Allein ein kollegiales Verhältnis zu einem Beteiligten rechtfertigt die Annahme der Befangenheit nicht (Beschluss des Bundesgerichtshofs --BGH-- vom 4. Juli 1957 IV ARZ 5/57, Lindenmaier/Möhring, Nachschlagewerk des Bundesgerichtshofs, § 42 Nr. 2 ZPO; BFH-Beschluss vom 20. August 1981 IV B 19/79, nicht veröffentlicht); das gilt erst recht bei einem Zeugen. Engere Beziehungen werden nicht allein dadurch begründet, dass der Dritte und der abgelehnte Richter Mitglieder eines größeren Kollegialgerichts sind (Beschluss des BGH in Lindenmaier/ Möhring, a.a.O.). Eine engere persönliche Beziehung könnte demgegenüber aufgrund der engeren Zusammenarbeit zwischen Mitgliedern eines Spruchkörpers zu bejahen sein. Auch bei kleineren Kollegialgerichten liegt die Vermutung einer engeren persönlichen Beziehung nahe, so dass, jedenfalls soweit ein Kollegialrichter Verfahrensbeteiligter i.S. des § 57 FGO ist, das Vorliegen der Besorgnis der Befangenheit in Betracht kommt (vgl. auch: Wieczorek/Schütze/Niemann, Zivilprozessordnung, Großkommentar, 3. Aufl., § 42 Rdnr. 16; Teplitzky, Probleme der Richterablehnung wegen Befangenheit, Neue Juristische Wochenschrift --NJW-- 1962, 2044 ff.).
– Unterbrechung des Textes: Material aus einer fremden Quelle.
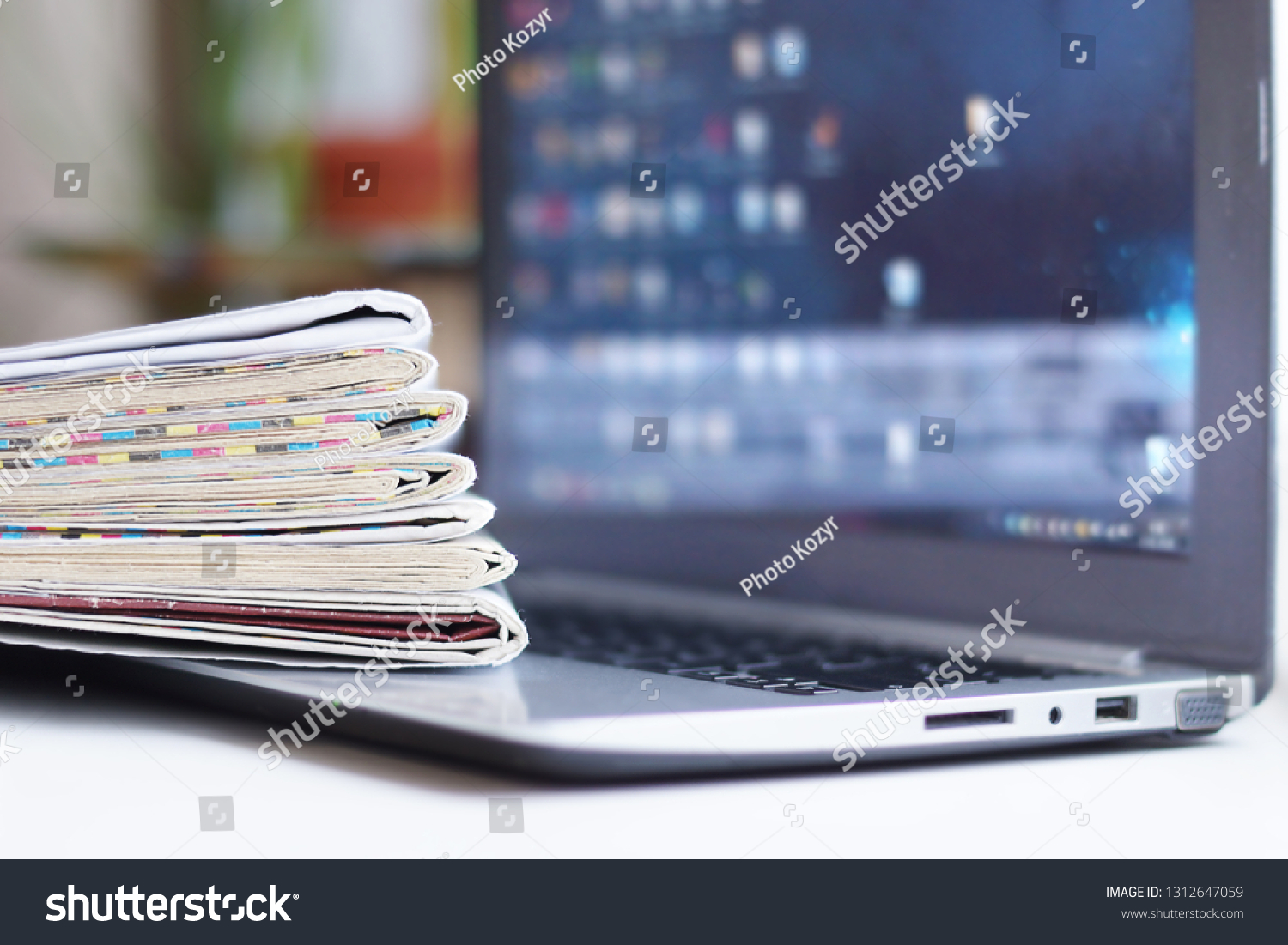 Newspapers and Laptop. Magazines and Journals and Computer. Paper Media and Electronic Device with Internet - Business News and Financial Information. Headlines, Articles and Digital Content #1312647059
Trotz der Tatsache, dass es sich bei dem FG um ein kleineres Kollegialgericht handelt, ist im Streitfall kein Grund gegeben, der die Annahme der Besorgnis der Befangenheit der drei Richter begründen könnte. Denn der B ist nicht Verfahrensbeteiligter gemäß § 57 FGO, sondern lediglich als Zeuge zu Tatsachen benannt worden, die ausschließlich im Zusammenhang stehen mit seiner früheren dienstlichen Tätigkeit. B hat deshalb an dem Verfahrensausgang kein Eigeninteresse. In Folge seiner Aussage zu den unter Beweis gestellten Tatsachen hat B des Weiteren weder mit persönlichen Vor- oder Nachteilen zu rechnen, noch könnte er es als Schädigung seines Ansehens oder Minderung seines sozialen Geltungsanspruches ansehen, wenn die Richterkollegen trotz seiner Aussage die Überzeugung vom Vorliegen der von ihm behaupteten Tatsachen nicht gewinnen könnten. Denn da es ausschließlich um Bekundungen der dienstlichen Vorgänge geht, derentwegen dem B der Vorwurf persönlichen Fehlverhaltens nicht gemacht werden könnte, könnte eine dahin gehende Beweiswürdigung nur dahin verstanden werden, B habe sich bei seiner Zeugenaussage geirrt. Aus der Beweiswürdigung könnte hingegen schwerlich abgeleitet werden, B habe bewusst die Unwahrheit gesagt. Aufgrund dessen ist nicht ersichtlich, warum die Richter die Richtigkeit der Aussage des B nicht neutral und unvoreingenommen würdigen sollten und die Vernehmung des B von ihnen nicht in der gebotenen Objektivität durchgeführt werden könnte. Hinzu kommt, dass B immer zusammen mit anderen Zeugen benannt worden ist. Der Entscheidungserheblichkeit einer möglichen Aussage des B kommt daher auch insoweit eine geringere Relevanz zu. Es erscheint sogar zweifelhaft, ob es überhaupt einer Vernehmung des B bedarf, da die vom FA behaupteten Sachverhalte, so sie zutreffend und entscheidungserheblich sind, überwiegend den Akten zu entnehmen sein dürften.

Da das Selbstablehnungsgesuch nicht begründet ist, bedurfte es mithin der Bestimmung eines FG gemäß § 39 FGO nicht.